‘Every Brilliant Thing’ uplifts, despite subject matter
“Every Brilliant Thing” is a play about suicide and its effects on loved ones, yet it manages to present the narrative of a young person learning to cope with her mother’s …

“Every Brilliant Thing”
Through Oct. 26
2 p.m. Thursday, Saturday-Sunday
7:30 p.m. Friday-Saturday
Williamston Theatre
122 S. Putnam St., Williamston
(517) 655-7469
williamstontheatre.org
“Every Brilliant Thing” is a play about suicide and its effects on loved ones, yet it manages to present the narrative of a young person learning to cope with her mother’s depressive episodes in an uplifting and positive light.
The show uses a very minimal set with few technological supports or embellishments and leaves the house lights up through much of the performance. The very visible audience is addressed by the performer directly, removing the conceptual “fourth wall” and creating a sense of communion and intimacy. The sole performer, actress Katherine Banks, expertly tells the audience of her childhood with a depressive, suicidal mother and a dad who struggles to communicate and has checked out by enlisting audience members to serve as her acting partners (with plenty of gentle guidance from the star).
For instance, the audience is cued to read from a list of small pleasures that make life worth living, the “brilliant things” referred to in the title. The list keeps growing and growing as the performer desperately attempts to keep her mother focused on the positive, affirming things in life. Unfortunately, the narrator’s efforts are not enough, and after her mother ends her life, the repercussions and ramifications negatively affect her marriage and psychological health.
So, how can a show with such heavy source material be uplifting?
One way is the deliberate and measured tone delivered by Banks. You will find no emotional grandstanding, histrionics or over-the-top choices to amplify the comedy or pathos of the scene, but rather a calm and assured performance that moves easily and smoothly from conversation to confession, from realization to recognition and from a place of pain to a place of healing in a convincing and clear fashion. Brechtian defamiliarization effects are employed, such as telling the audience what is going to happen before it happens and adding touches of humor to things that are otherwise not terribly humorous.
Banks navigates a truly complex script with scripted and unscripted moments of audience interaction in a manner that instills trust and confidence in her ability to tell the story honestly and in a compelling fashion. She delivers a warm, connected, nuanced and delicate performance. The fact that she’s surrounded on four sides by the audience without making them aware of how difficult that is to do is a credit to her technical proficiency and skills. Banks is a treat to watch on stage, her actions and words reading as genuine and spontaneous.

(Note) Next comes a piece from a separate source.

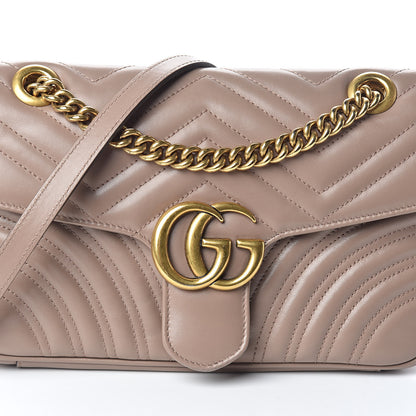 Gucci Calfskin Matelasse Small GG Marmont Shoulder Bag Porcelain Rose 9 of 11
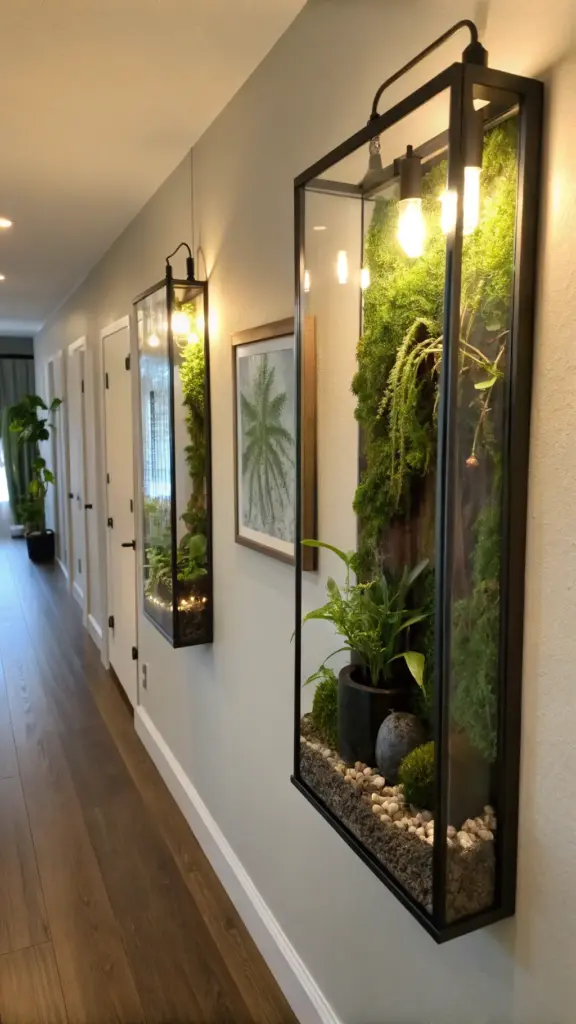 Cozy, modern apartment hallway wall featuring two striking vertical glass terrariums with black metal frames, illuminated to showcase a lush arrangement of moss and plants, an elegant "hanging plants diy" living wall concept.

The material itself is also presented as gently as possible, with built in “trigger warnings” and various methods to defuse the impact of such a harsh and painful topic. The most difficult scenes are framed by warmth and laughter, and the entire production fosters a sense of support and connection between the audience and the narrator. This well-written play, excellently performed by a true professional, is an overwhelmingly positive experience, even though it deals with difficult material.